The IRS requires that you report your sweepstakes winnings as “Other Income” no matter what the value. Also, remember, too, that although sweepstakes sponsors must file a 1099 form for prizes over $600, they can report prizes of any amount to the IRS. If a sponsor reports you as a winner but you don’t report the prize on your taxes, the IRS might notice the discrepancy and investigate your taxes.

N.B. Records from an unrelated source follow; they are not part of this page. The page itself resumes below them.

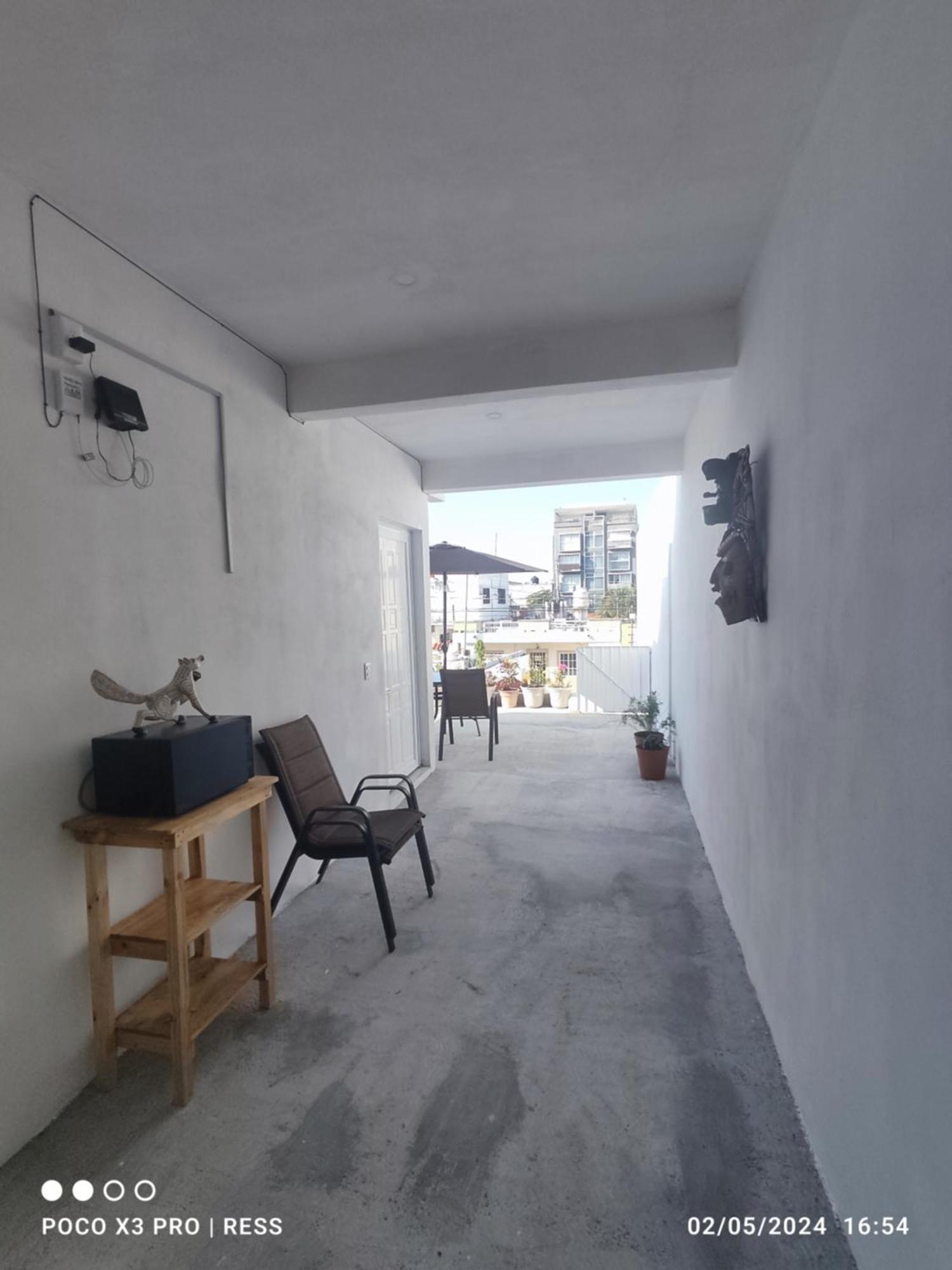 Tierra Maya Hotel Playa del Carmen Exterior photo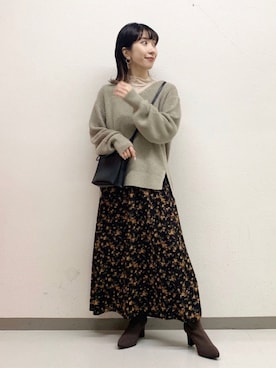 cl___naoさん（レディース・150cm）の秋コーディネート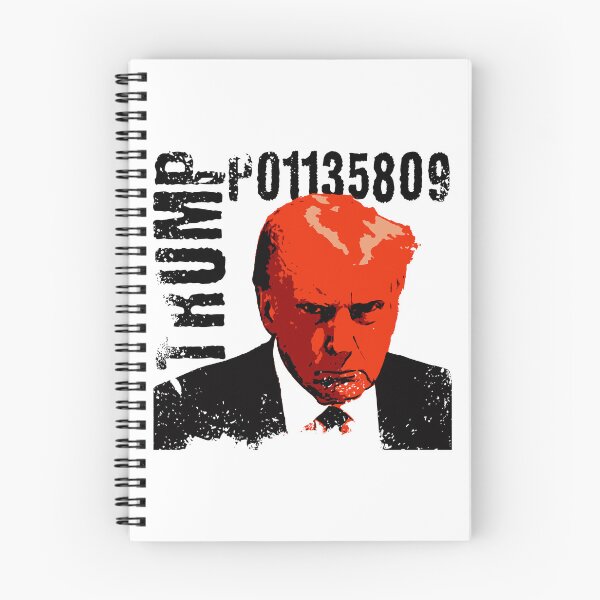 Item preview, Donald Trump Mugshot, Fulton Co. Jail designed and sold by DistinctDesignz.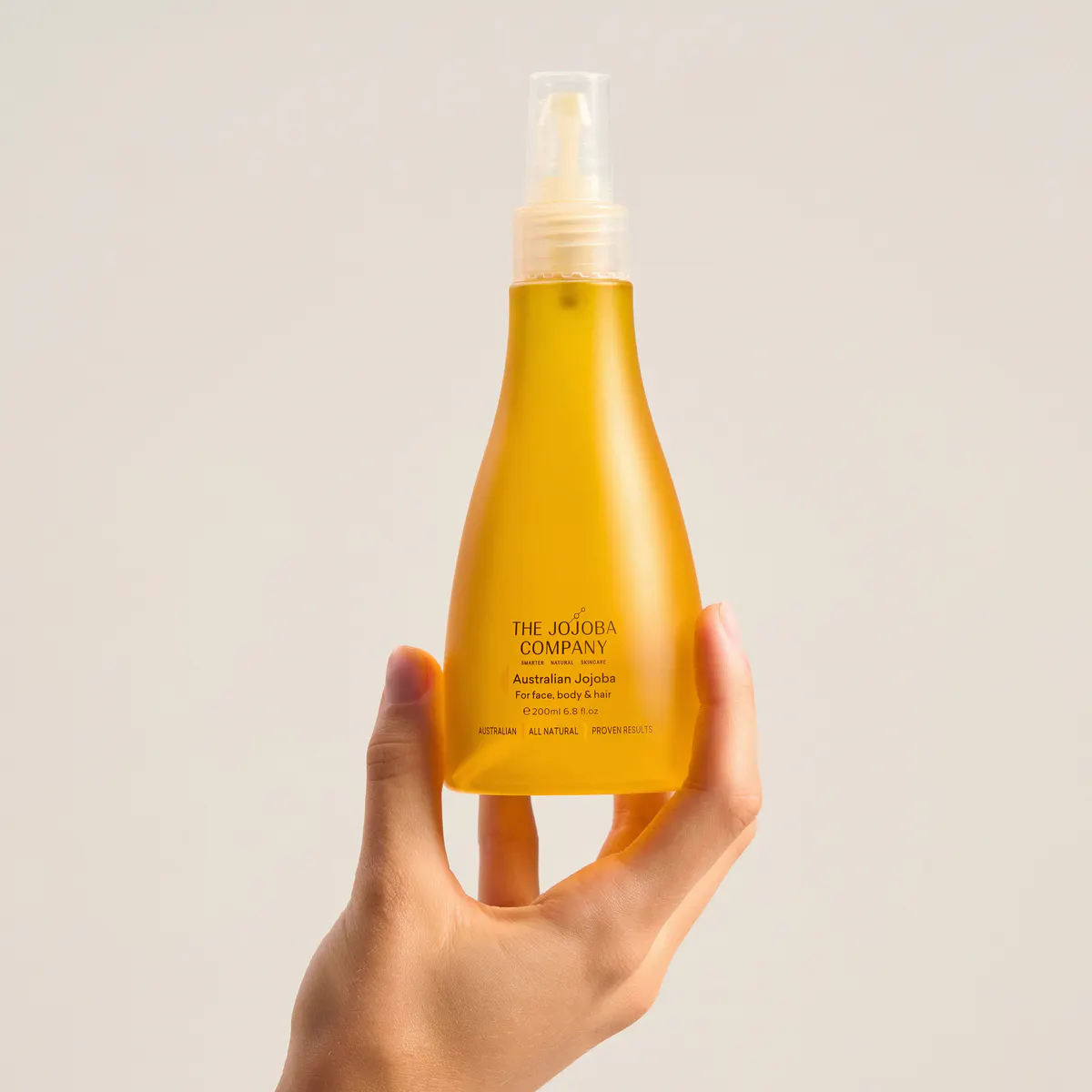 The Jojoba Company Australian Jojoba 200ml, view 3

Things You Can Do to Avoid Being Scammed
- Spot Deception. Scammers often pretend to be someone you trust, like a government official, a family member, a charity, or a company you do business with. Don’t send money or give out personal information in response to an unexpected request — whether it comes as a text, a phone call, or an email.
- Learn the Facts: Type a company or product name into your favorite search engine along the with words like “review,” “complaint” or “scam.” Or search for a phrase that describes your situation, like “IRS call.” You can even search for phone numbers to see if other people have reported them as scams.
- Seeing is NOT Believing -Don’t believe your caller ID. Technology makes it easy for scammers to fake caller ID information, so the name and number you see aren’t always real. If someone calls asking for money or personal information, hang up. If you think the caller might be telling the truth, call back to a number you know is genuine.
- Don’t buy a pig in a poke! – Someone might ask you to pay in advance for things like lottery winnings, debt relief, credit and loan offers, mortgage assistance, or a job. They might even say you’ve won a prize, but first you have to pay taxes or fees. If you do, they will probably take your money and disappear.
- Consider how you pay. Credit cards have significant fraud protection built in, but some payment methods don’t. Wiring money through services like Western Union or MoneyGram is risky because it’s nearly impossible to get your money back. That’s also true for reloadable cards like MoneyPak Reloadit or Vanilla. Government offices and honest companies won’t require you to use these payment methods.
- Talk to a real person. – Before you give up your money or personal information, talk to someone you trust. Con artists want you to make decisions in a hurry. They might even threaten you. Slow down, check out the story, do an online search, consult an expert — or just tell a friend. If you are like me and you suspect something, give them fake information. I have a whole fake persona that I have complete with name, birthday, SSN, and I use an old address.
- Terminate robocalls. – If you answer the phone and hear a recorded sales pitch, hang up and report it to the FTC. These calls are illegal, and often the products are bogus. Don’t press 1 to speak to a person or to be taken off the list. That could lead to more calls.
- Be suspicious about free trial offers. Some companies use free trials to sign you up for products and bill you every month until you cancel. Before you agree to a free trial, research the company and read the cancellation policy. And always review your monthly statements for charges you don’t recognize. This is especially true of internet and radio ads.
- Don’t deposit a check you receive and wire money back. By law, banks must make funds from deposited checks available within days, but uncovering a fake check can take weeks. If a check you receive from a company is deposited into your account turns out to be a fake, you’re responsible for repaying the bank. This is a well-known scam of sweepstakes, and job offers.
- Sign up for free scam alerts from the FTC at ftc.gov/scams. Get the latest tips and advice about scams sent right to your inbox.
If you spot a scam, report it at ftc.gov/complaint. Your reports help the FTC and other law enforcement investigate scams and bring crooks to justice.